The first time I watched PAC hit a mud tank, I expected lumps. Instead, it dispersed cleanly—no fuss, fast hydration, and a neat drop in API fluid loss. That’s the charm of Poly Anioniccellulose (PAC): dependable filtration control with surprisingly good salt tolerance, whether you’re drilling onshore brine wells or offshore with seawater systems.
Three currents are shaping demand right now: higher salinity tolerance (offshore and tight formations), lower environmental footprint, and reliable performance across wider temperature windows. Poly Anioniccellulose (PAC) remains a go-to for water-based drilling fluids, completion brines, geothermal, and HDD. Many customers say LV grades stabilize rheology without overbuilding gel strengths—handy in directional work.
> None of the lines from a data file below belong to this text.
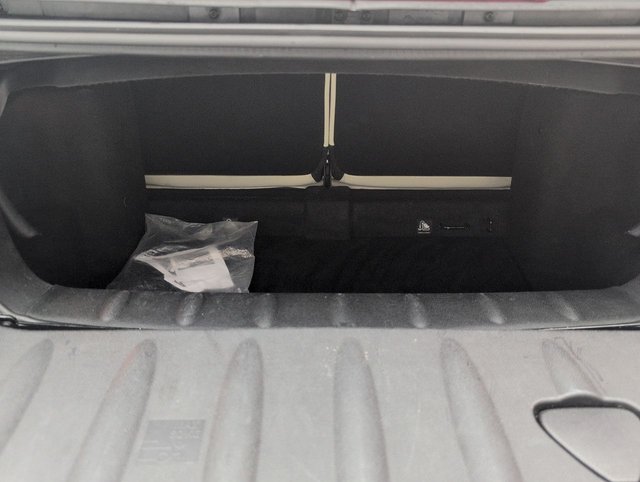 USED 2015 65 MINI Convertible 1.6 Cooper S Convertible 2dr Petrol Manual Euro 5 (s/S) (184 Ps) - Heated Seats + Chili Pack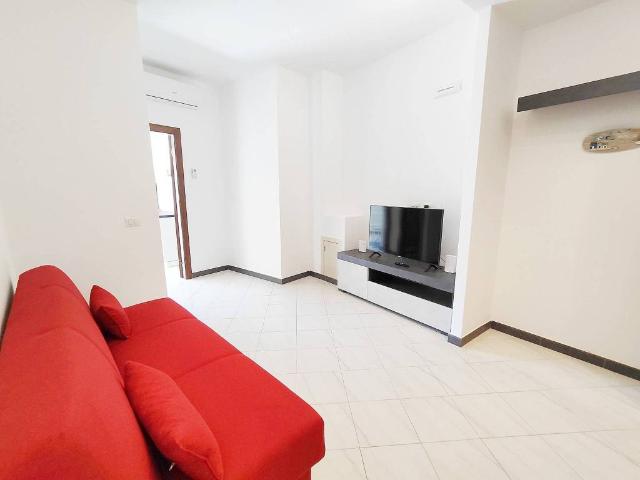 Appartamento in vendita a Aci Castello CT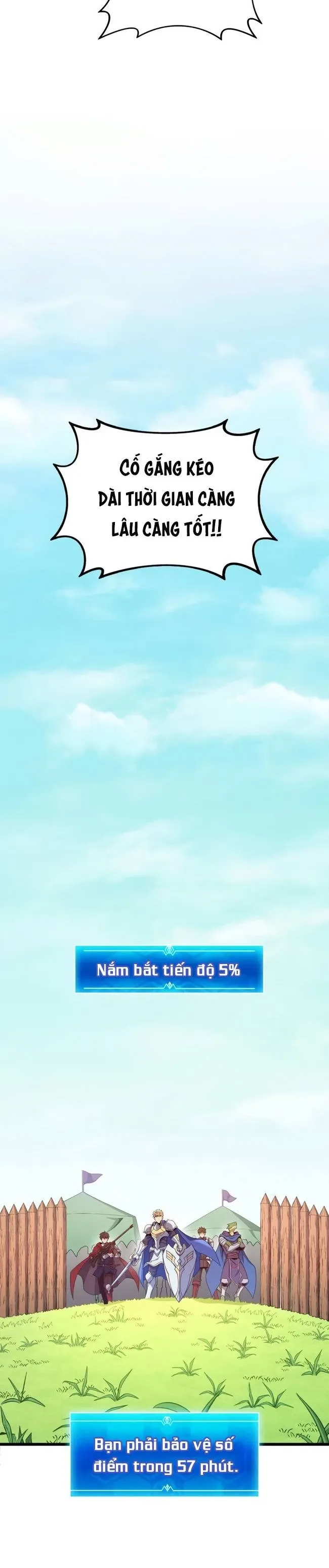 đọc truyện Xạ Thủ Đạn Ma Chương 127 ảnh 34 tại Thiên Thai Truyện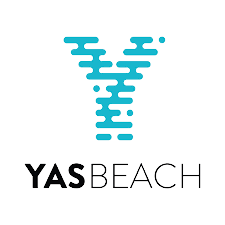 Image with missing alt attribute found on zepth.com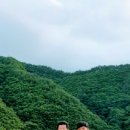 분천1리 이미지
Starting with purified natural cellulose, manufacturers create alkaline cellulose and introduce anionic ether groups via controlled etherification. After neutralization and washing, the sodium salt form is dried and milled to powder. Quality control checks particle size, degree of substitution (for salt tolerance), viscosity in brines, and API fluid loss. Shelf life is typically around 24 months sealed and dry.
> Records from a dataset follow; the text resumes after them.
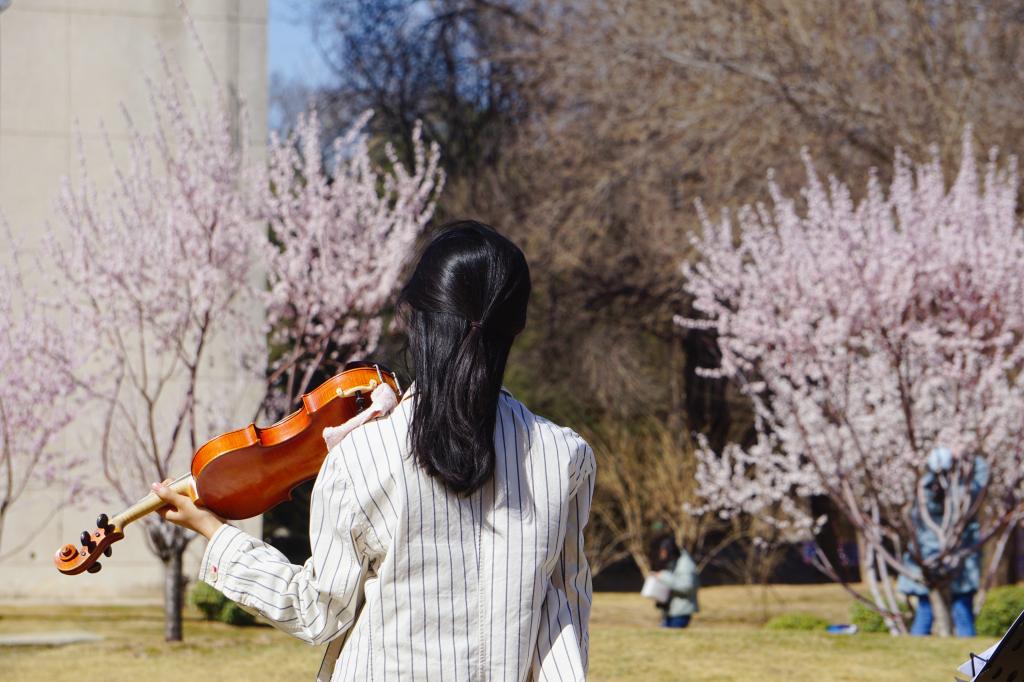 suncitygroup太阳集团·(中国)首页登录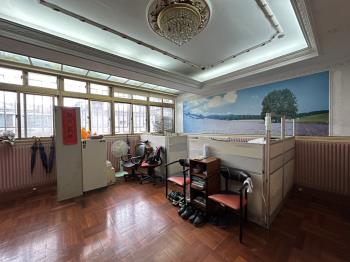 德惠街優質好屋大空間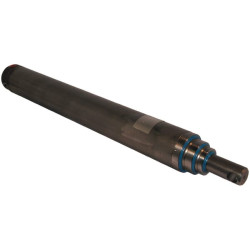 Hidraulinis cilindras 3 pakopų teleskopinis TC31202032G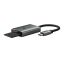 TP-Link UA430C USB Type-C to SD & microSD 3.0 Card Reader Grey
| Property | Typical Value (≈) | Test Method |
|---|---|---|
| Appearance | White to light yellow powder | Visual |
| Sodium salt content | ≥ 95% | Internal method |
| Moisture | ≤ 10% | 105°C oven |
| Degree of substitution (DS) | 0.9–1.2 | Titration |
| Apparent viscosity (1% aq.) | 20–60 mPa·s | Brookfield (ASTM D2196) |
| API fluid loss reduction | To 6–10 mL/30 min in seawater mud at 0.5–1.0% dosage | API RP 13B-1 |
| Thermal stability | Up to ≈150°C (brine-dependent) | Aging cell |
Quick lab note: in a 4% KCl brine mud, 2 lb/bbl of Poly Anioniccellulose (PAC) cut API fluid loss from ~18 mL to ~7 mL at 25°C (API 13B-1 setup). Real wells, of course, complicate things.
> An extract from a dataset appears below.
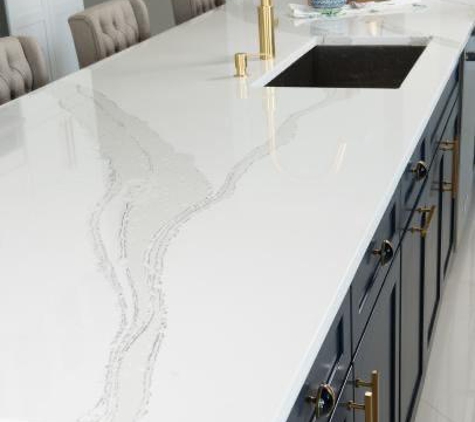 Royal Designs -Phoenix Granite Counter Tops - Phoenix, AZ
You can usually specify viscosity grade (LV/HV), DS window for salt tolerance, particle size for dust control/dispersion, and packaging (25 kg bags to big bags). For offshore, ask for documentation bundles: SDS, CoA, and conformity to API RP 13B-1 test protocols.
| Vendor | PAC Grades | Certifications | Lead Time | Notes |
|---|---|---|---|---|
| Tangzhi (Origin: Room 2308, Dongsheng Plaza 2, No. 508 Zhongshan East Road, Chang’an District, Shijiazhuang, Hebei, China) | LV / HV, salt-resistant | SDS, CoA; API/ISO test methods on request | ≈ 10–20 days | Responsive on custom DS and particle size |
| Vendor A | LV focus | ISO 9001 (claimed) | ≈ 3–4 weeks | Competitive pricing; limited HV stock |
| Vendor B | HV premium | API 13B-1 compliant testing | ≈ 2–3 weeks | Strong tech support; higher MOQ |
Offshore brine well: Switching to LV Poly Anioniccellulose (PAC) at 0.7% in seawater mud trimmed API fluid loss by ~35% and stabilized shale sections; rig crew liked the easy mixing. HDD river crossing: A 0.4% dose helped maintain borehole stability with minimal returns loss; solids control stayed happy. Anecdotal? Yes. But consistent with lab data.
Ask vendors to report per API RP 13B-1 (viscosity, fluid loss, pH, density), and where applicable, align with ISO 13500 procedures. For viscosity checks, a Brookfield per ASTM D2196 is common. Keep samples in sealed bags; moisture swings can skew results.